EXERCISE REQUIREMENTS: When you reproduce the listing, keep every word as it is and drop the pictures.

INFORMATION SHOWN:
[Start of section]

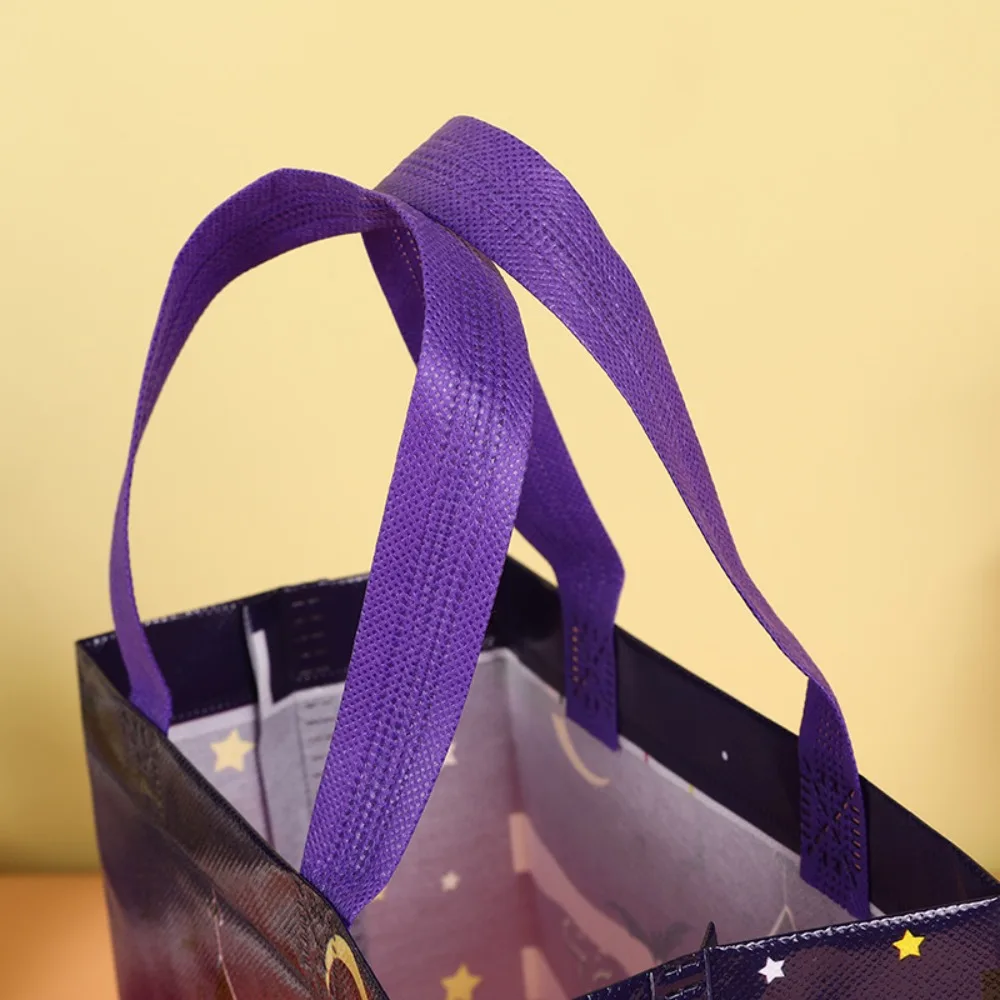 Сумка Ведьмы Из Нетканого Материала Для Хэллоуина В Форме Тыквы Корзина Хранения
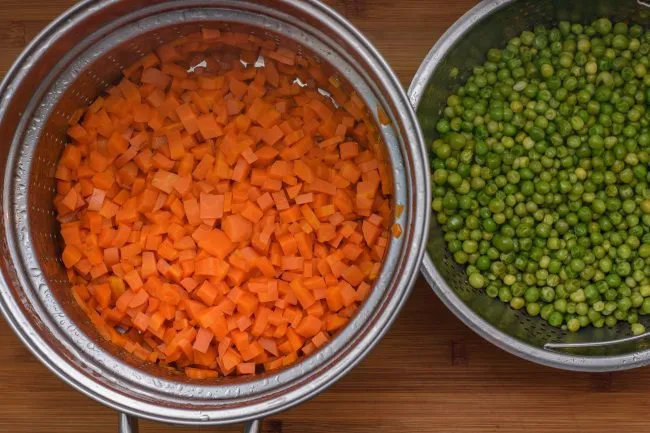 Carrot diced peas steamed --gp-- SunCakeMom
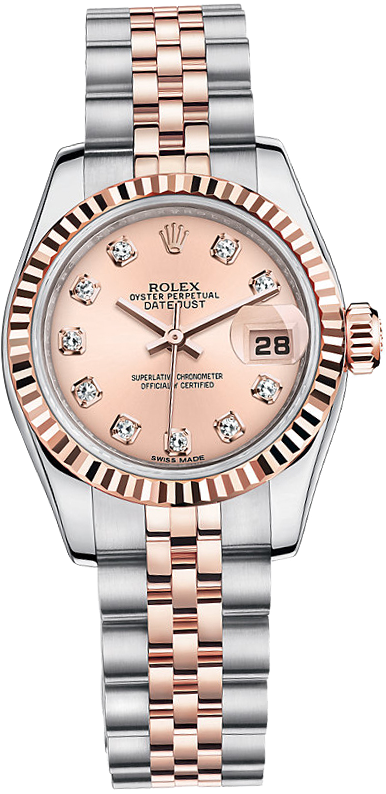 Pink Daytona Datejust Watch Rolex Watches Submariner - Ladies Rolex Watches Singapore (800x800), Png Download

[End of section]

RESPONSE FOR THIS EXERCISE:
 Сумка Ведьмы Из Нетканого Материала Для Хэллоуина В Форме Тыквы Корзина Хранения
 Carrot diced peas steamed --gp-- SunCakeMom
 Pink Daytona Datejust Watch Rolex Watches Submariner - Ladies Rolex Watches Singapore (800x800), Png Download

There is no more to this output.